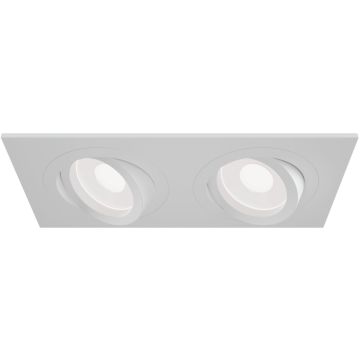 Maytoni ATOM DL024-2-02W Beépíthető spotlámpa 2x50W/GU10 IP20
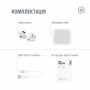 Купить ᐈ Кривой Рог ᐈ Низкая цена ᐈ Bluetooth-гарнитура Piko TWS-MiniJack White (1283126583407)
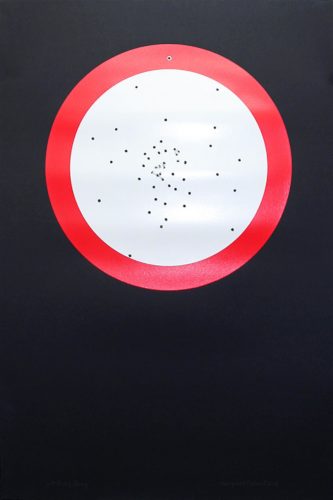 Bang Bang by Margaret Calvert at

○ ○ ○ ○ ○

◆ What needs to be done ◆
The answer should contain every line of the material exactly as written and no pictures.

◆ Your response ◆
 Maytoni ATOM DL024-2-02W Beépíthető spotlámpa 2x50W/GU10 IP20
 Купить ᐈ Кривой Рог ᐈ Низкая цена ᐈ Bluetooth-гарнитура Piko TWS-MiniJack White (1283126583407)
 Bang Bang by Margaret Calvert at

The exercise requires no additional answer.